§ **YOUR GOAL**
Would you transcribe exactly the lines from the beginning of the records below through the line with "In the previous", both included, omitting the pictures?

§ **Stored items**
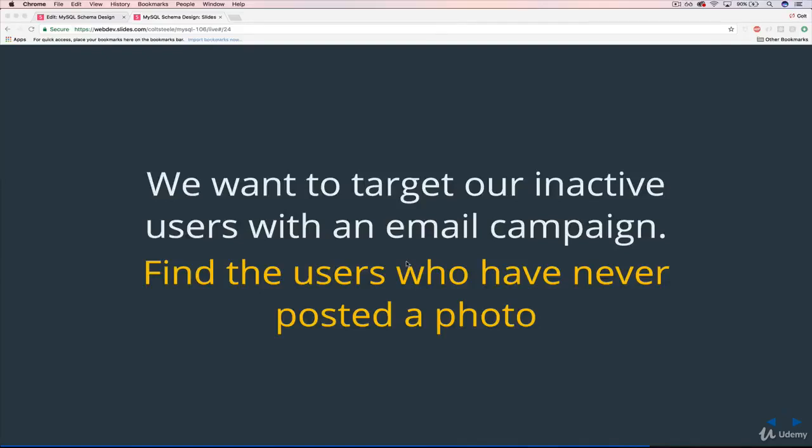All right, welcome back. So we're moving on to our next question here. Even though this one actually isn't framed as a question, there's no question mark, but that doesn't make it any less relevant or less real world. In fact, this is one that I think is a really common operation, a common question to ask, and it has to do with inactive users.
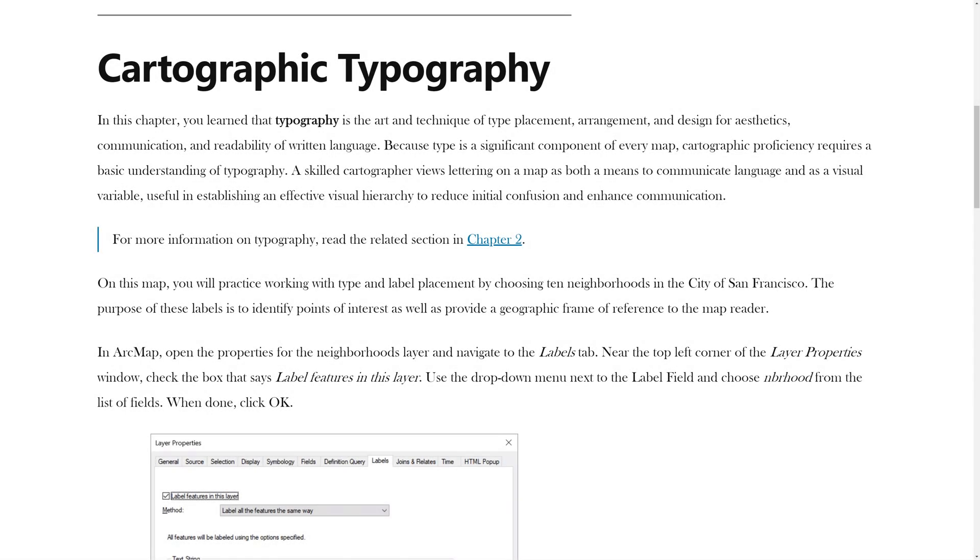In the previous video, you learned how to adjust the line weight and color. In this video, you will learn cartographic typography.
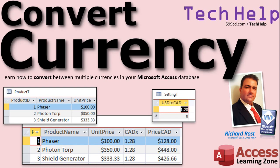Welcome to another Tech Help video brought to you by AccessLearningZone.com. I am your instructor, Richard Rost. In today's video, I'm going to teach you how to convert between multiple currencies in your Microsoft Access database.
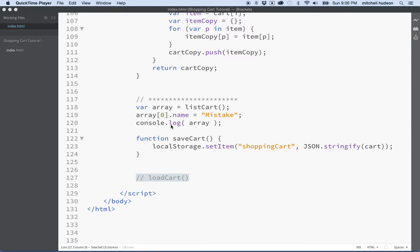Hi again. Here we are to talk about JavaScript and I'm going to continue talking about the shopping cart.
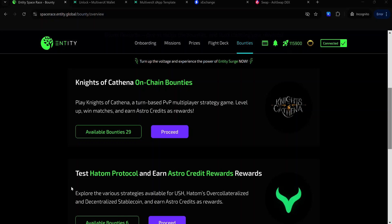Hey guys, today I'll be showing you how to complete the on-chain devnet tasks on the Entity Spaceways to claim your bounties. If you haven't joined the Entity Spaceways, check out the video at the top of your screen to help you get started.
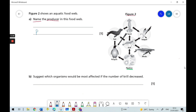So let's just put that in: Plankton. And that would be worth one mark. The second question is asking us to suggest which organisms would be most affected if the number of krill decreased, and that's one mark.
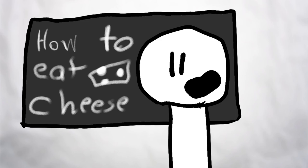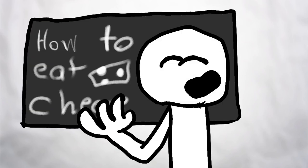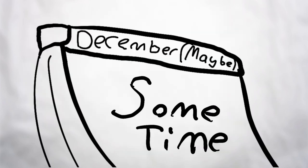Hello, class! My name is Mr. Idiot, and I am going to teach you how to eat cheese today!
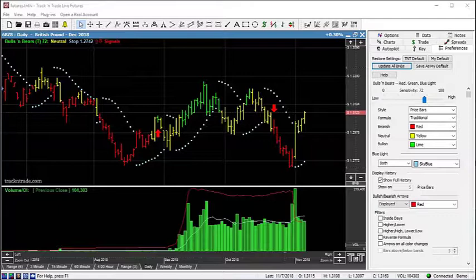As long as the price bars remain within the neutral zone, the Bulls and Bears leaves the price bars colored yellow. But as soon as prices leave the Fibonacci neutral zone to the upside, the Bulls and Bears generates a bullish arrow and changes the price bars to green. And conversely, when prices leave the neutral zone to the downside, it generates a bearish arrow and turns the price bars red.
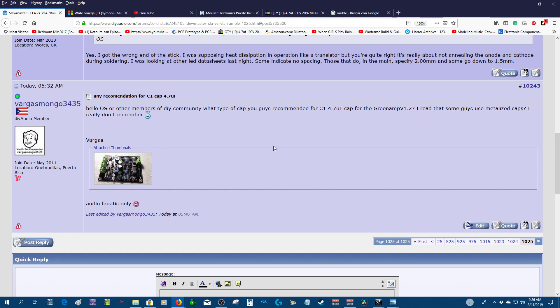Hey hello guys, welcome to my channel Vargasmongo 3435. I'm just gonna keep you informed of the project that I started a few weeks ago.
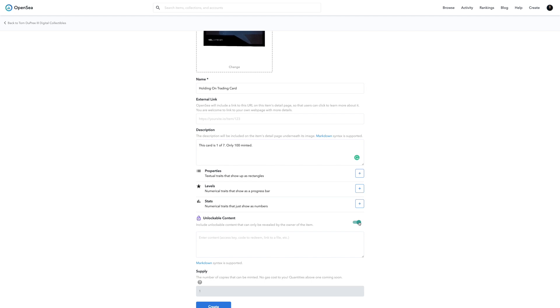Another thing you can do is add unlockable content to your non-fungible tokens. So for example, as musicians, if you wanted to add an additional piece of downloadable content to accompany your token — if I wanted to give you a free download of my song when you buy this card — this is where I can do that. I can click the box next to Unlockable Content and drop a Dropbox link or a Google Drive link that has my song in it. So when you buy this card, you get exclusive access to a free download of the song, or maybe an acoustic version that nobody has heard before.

§ **RESPONSE BOX**
All right, welcome back. So we're moving on to our next question here. Even though this one actually isn't framed as a question, there's no question mark, but that doesn't make it any less relevant or less real world. In fact, this is one that I think is a really common operation, a common question to ask, and it has to do with inactive users.
In the previous video, you learned how to adjust the line weight and color. In this video, you will learn cartographic typography.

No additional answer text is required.